YOUR OBJECTIVE
Return the records from the first line through the line containing "Oil seal sil", and leave out the pictures.

[Web page caption snippets]

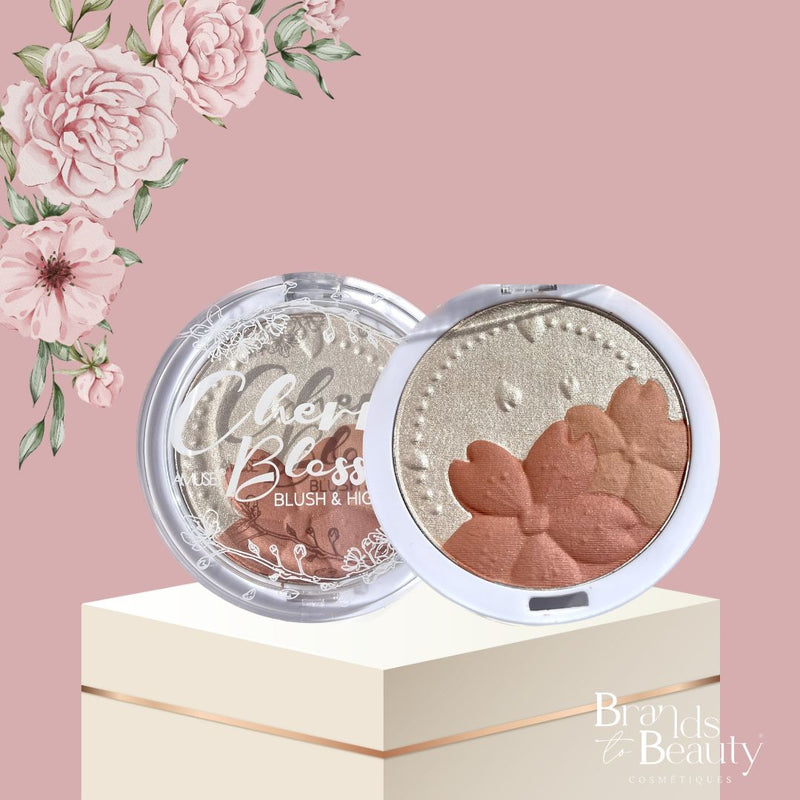 Blush Highlighter Blossom 1 Bronze Golden Brands to Beauty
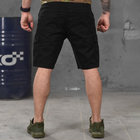 Чоловічі шорти Loshan котон з лямками під ремінь чорні розмір L - зображення 3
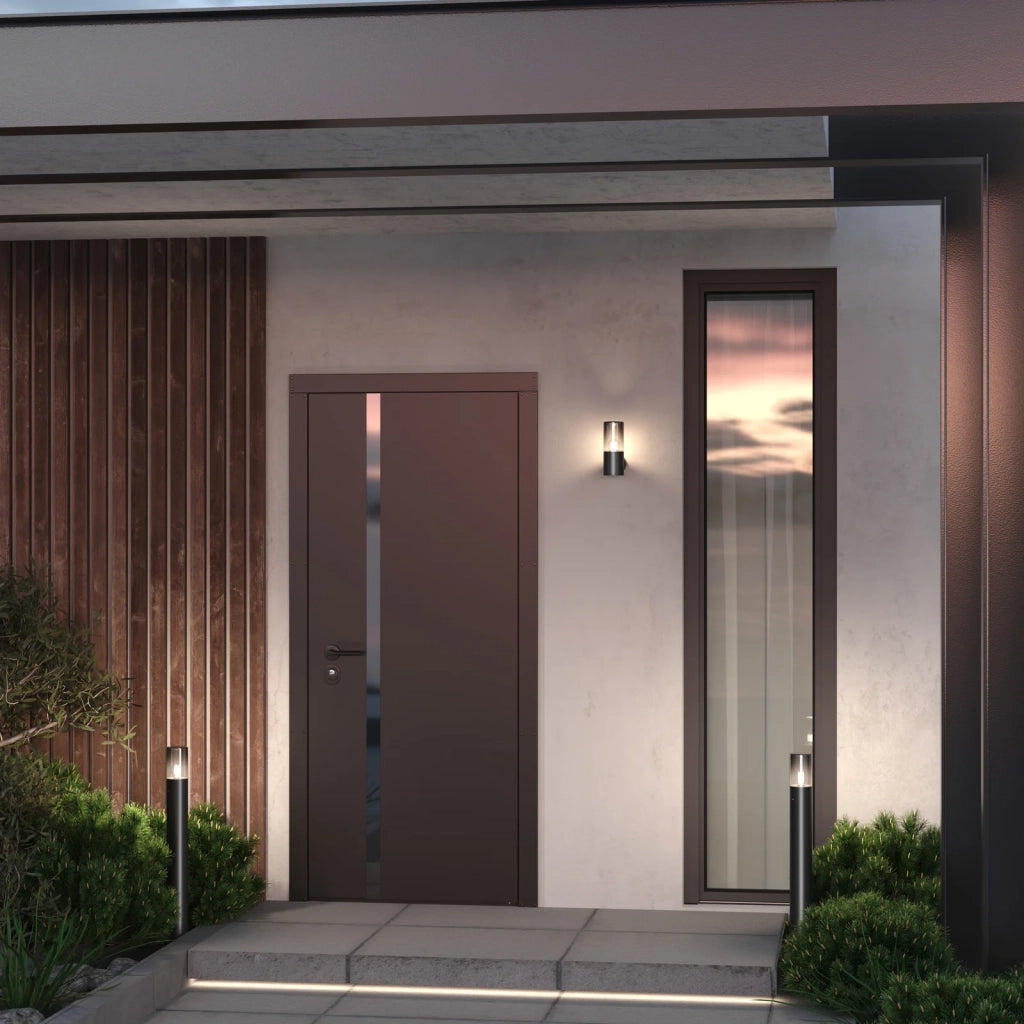 Maytoni Applique moderna Amas 2 luci E27 IP54 grafite alluminio vetro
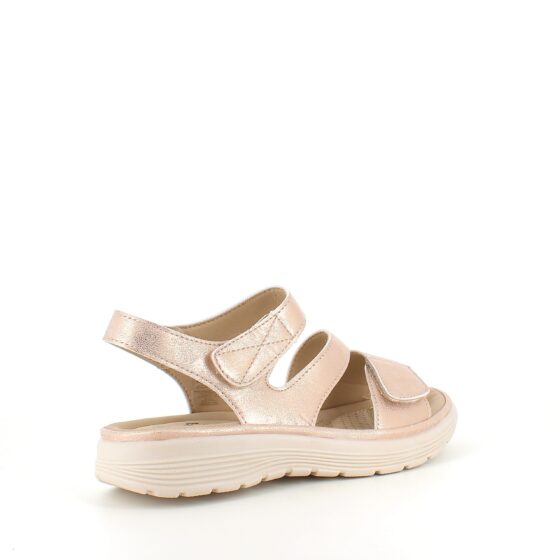 Bekväm Guld Sandal med 3 kardborreband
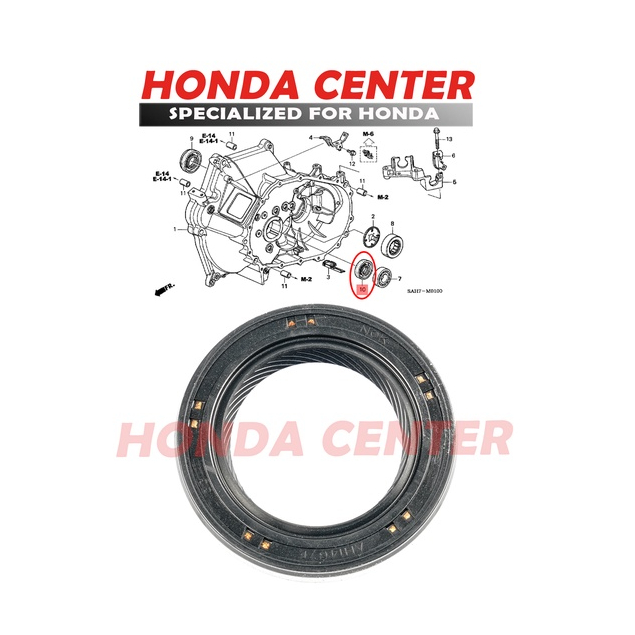 Oil seal sil input shaft as kopling manual honda brio 2013 2014 2015 2016 2017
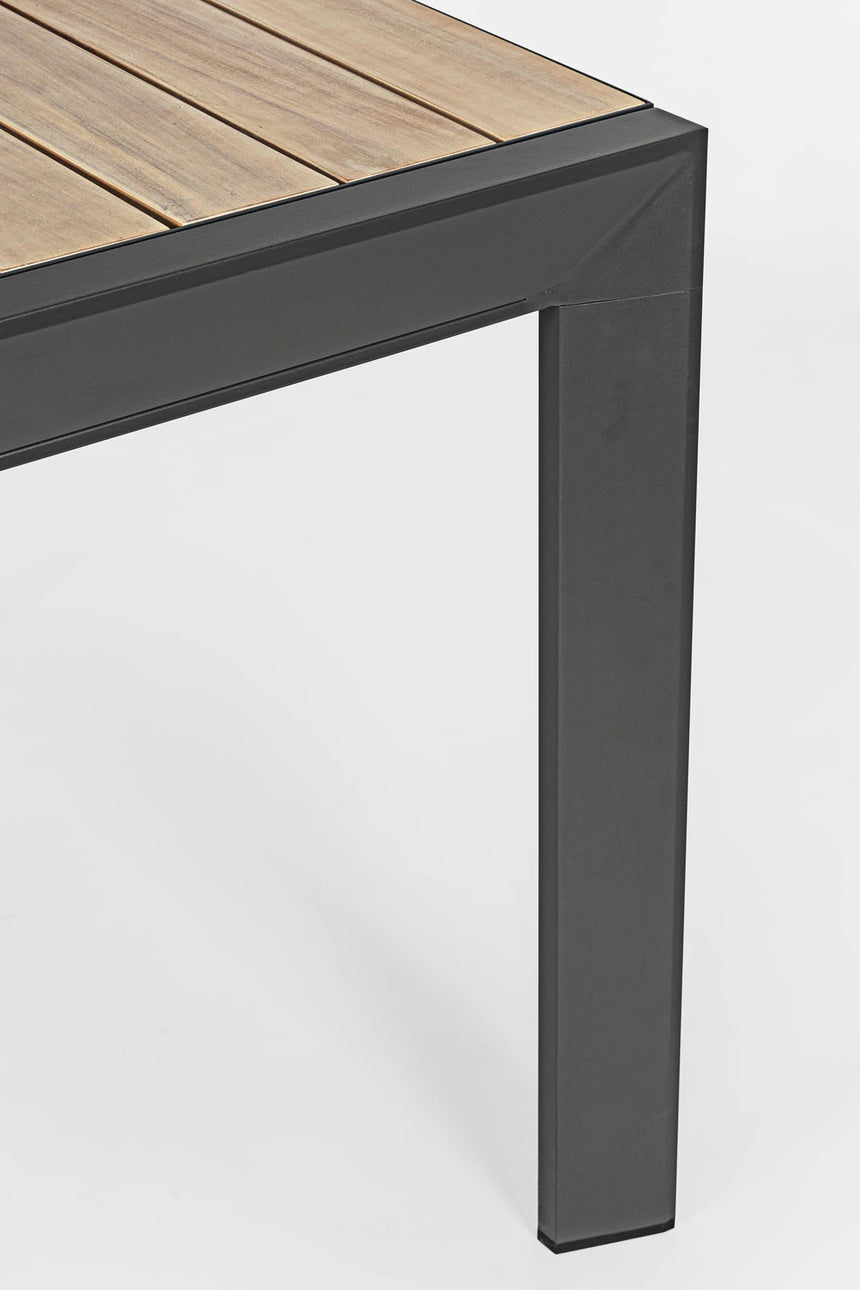Gartentisch ausziehbar 160-240x100 Natur/Anthrazit YK11 Belmar - ZEN ZONE Furniture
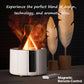 Flame Simulated Aroma Diffuser - Bonfire Air Humidifier, 280ml Ultrasonic Cool Mist Maker with LED Night Light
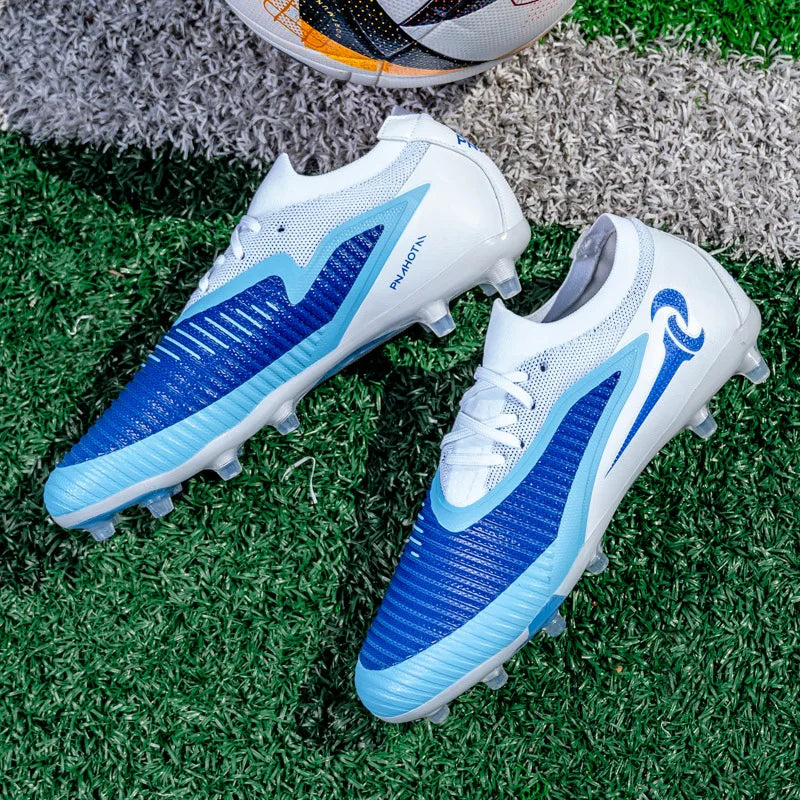 New Men Football Boots Outdoor Sport Boys Long Spikes Non Slip Breathable Match Training Cleats Soccer Shoes Adult Comfortable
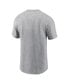 Men's Heather Gray Kansas City Royals Home Team Athletic Arch T-Shirt Серый, L - фото #2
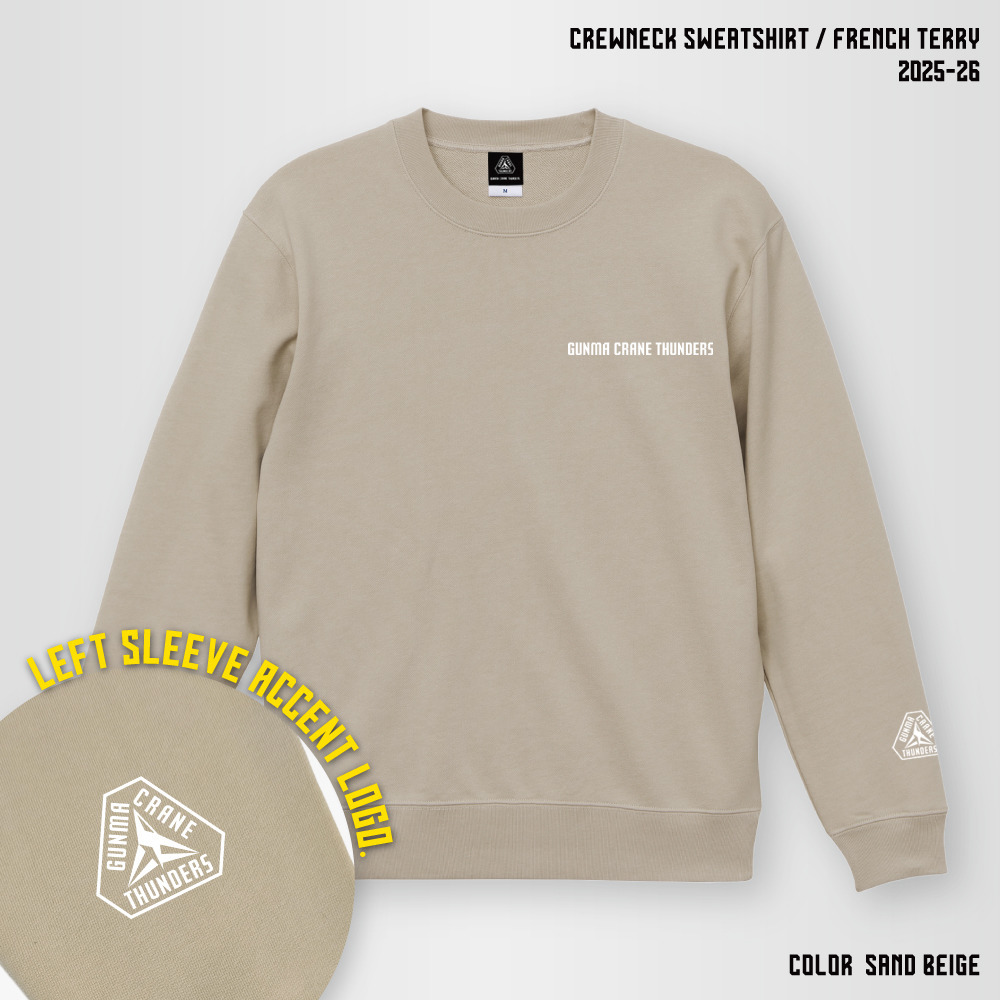 【EC限定】 クルーネックスウェット 10.0オンス 2025-26 【プライマリーロゴ】 詳細画像 サンドベージュ 1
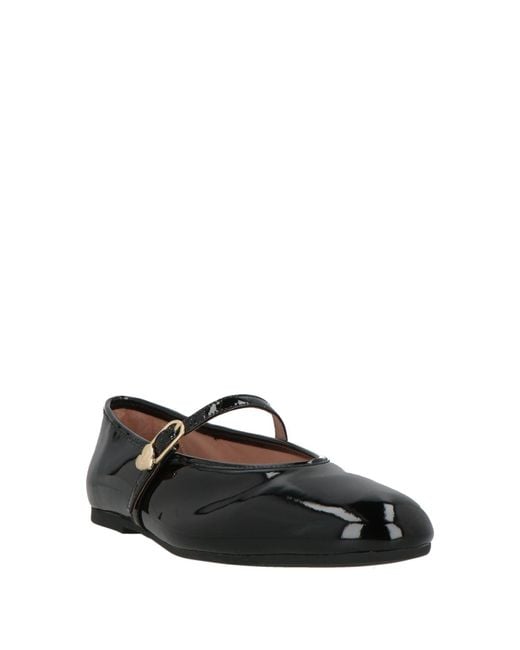 Love Moschino Black Ballet Flats Leather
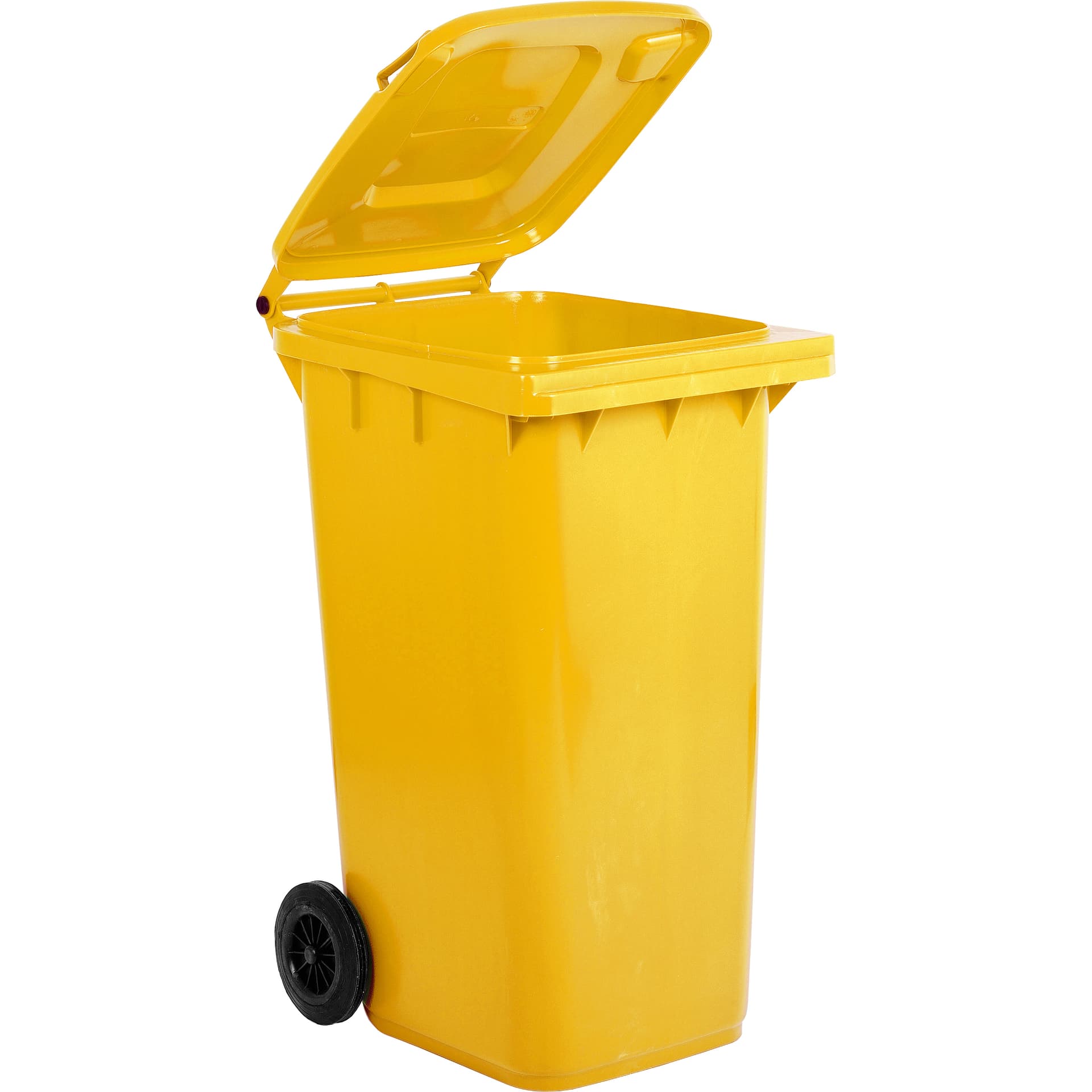 Pattumiera 240 l con Ruote Giallo Mp - 2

SOLUTION
 Blush Highlighter Blossom 1 Bronze Golden Brands to Beauty
 Чоловічі шорти Loshan котон з лямками під ремінь чорні розмір L - зображення 3
 Maytoni Applique moderna Amas 2 luci E27 IP54 grafite alluminio vetro
 Bekväm Guld Sandal med 3 kardborreband
 Oil seal sil input shaft as kopling manual honda brio 2013 2014 2015 2016 2017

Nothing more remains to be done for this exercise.